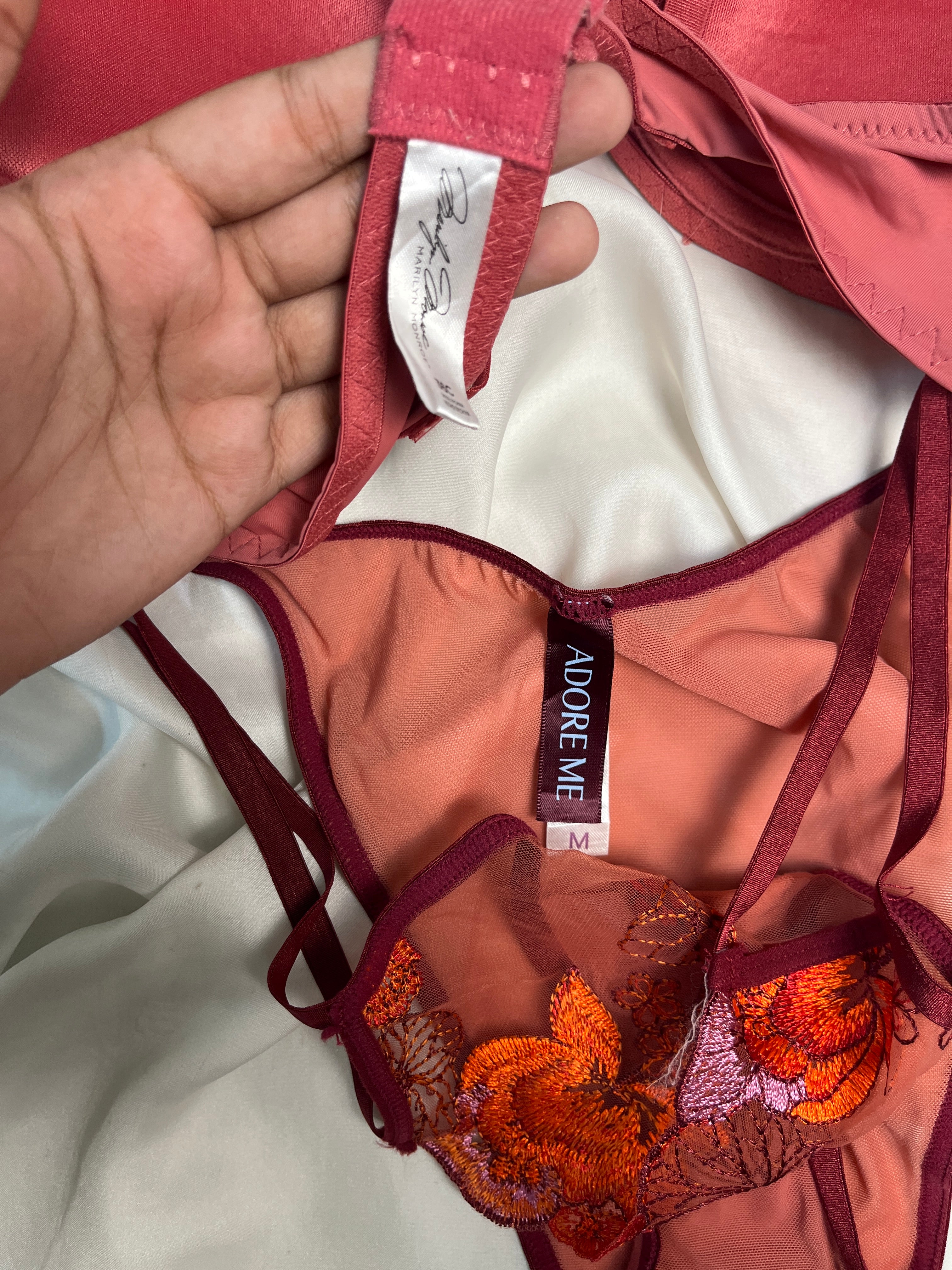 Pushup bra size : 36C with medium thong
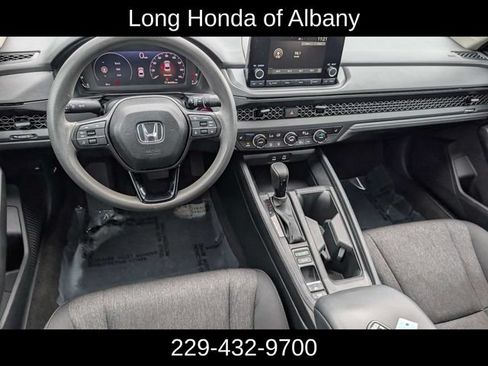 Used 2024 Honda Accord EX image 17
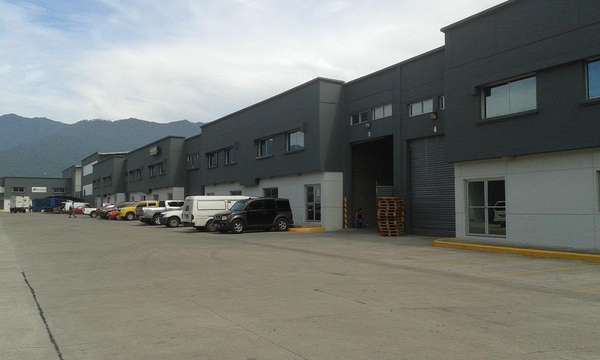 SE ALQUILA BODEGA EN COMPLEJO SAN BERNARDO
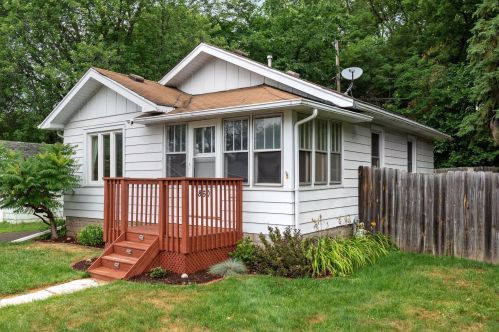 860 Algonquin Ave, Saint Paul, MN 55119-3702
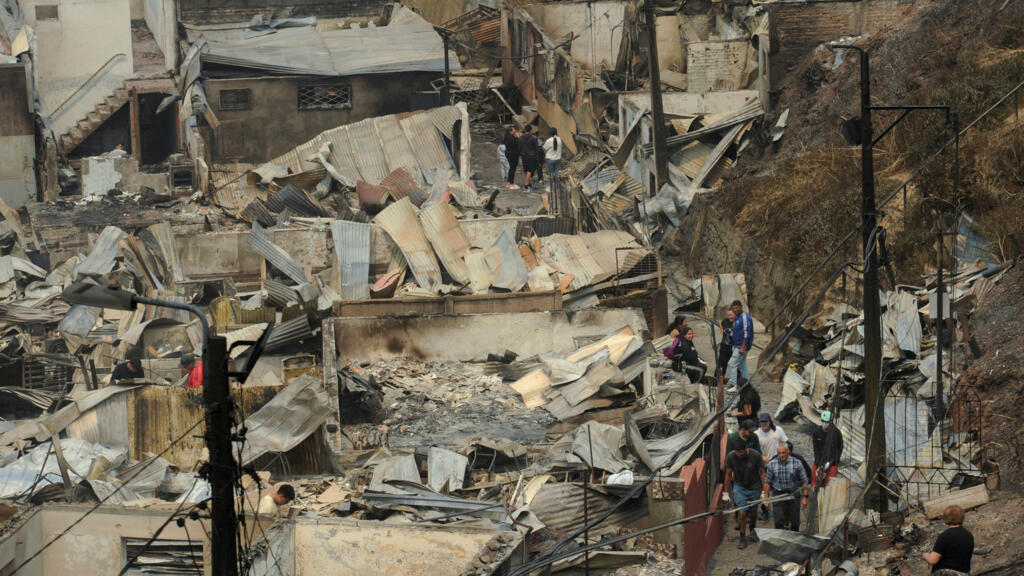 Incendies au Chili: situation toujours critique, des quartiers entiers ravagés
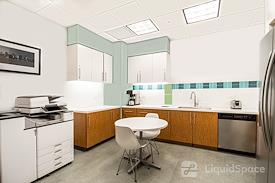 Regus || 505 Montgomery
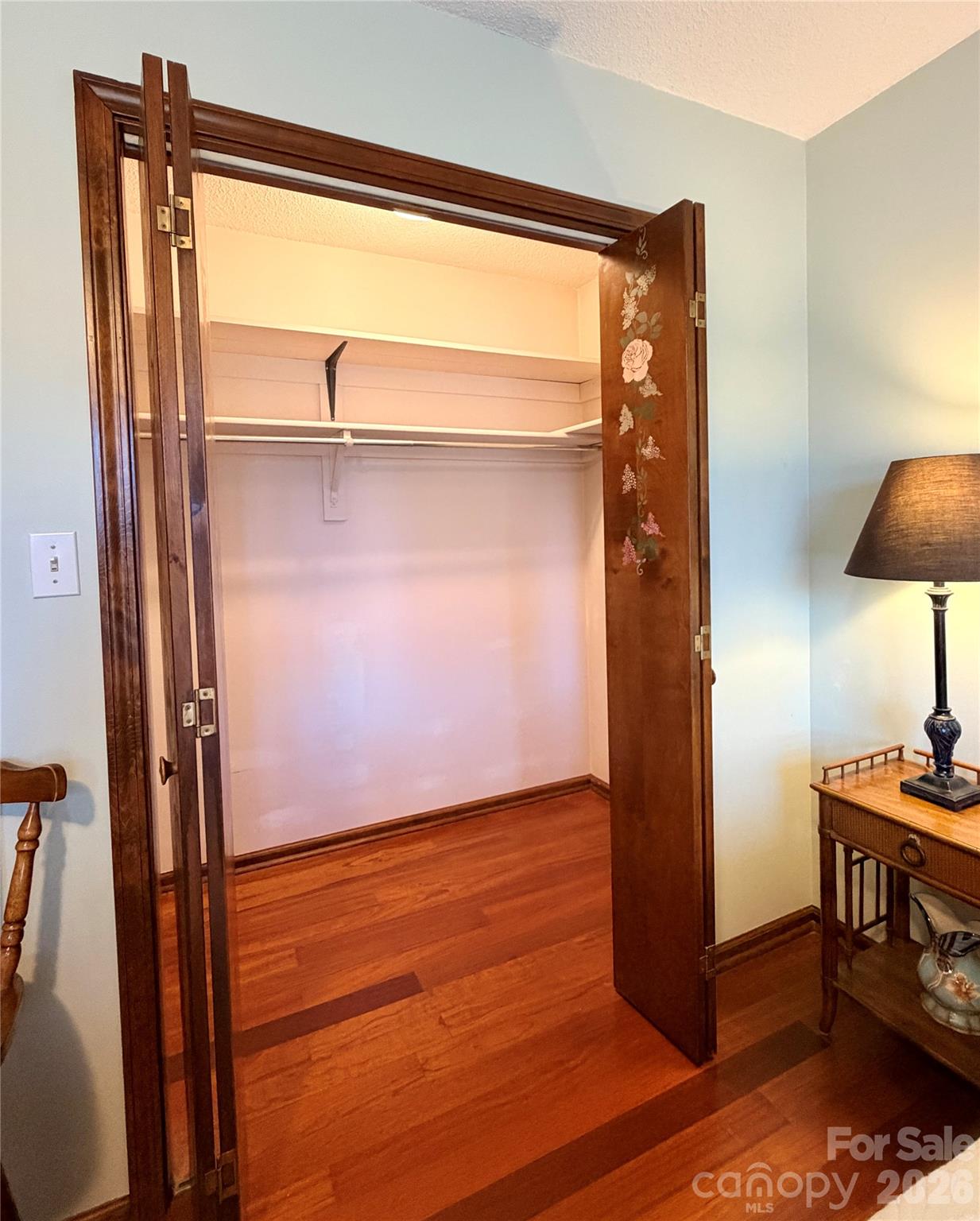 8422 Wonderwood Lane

§ **WHAT NEEDS TO BE DONE**:
What is needed is an exact printout of every record above, with the pictures left out.

§ **RESULT FOR THIS EXERCISE**:
 Pushup bra size : 36C with medium thong
 Used 2024 Honda Accord EX image 17
 SE ALQUILA BODEGA EN COMPLEJO SAN BERNARDO
 860 Algonquin Ave, Saint Paul, MN 55119-3702
 Incendies au Chili: situation toujours critique, des quartiers entiers ravagés
 Regus || 505 Montgomery
 8422 Wonderwood Lane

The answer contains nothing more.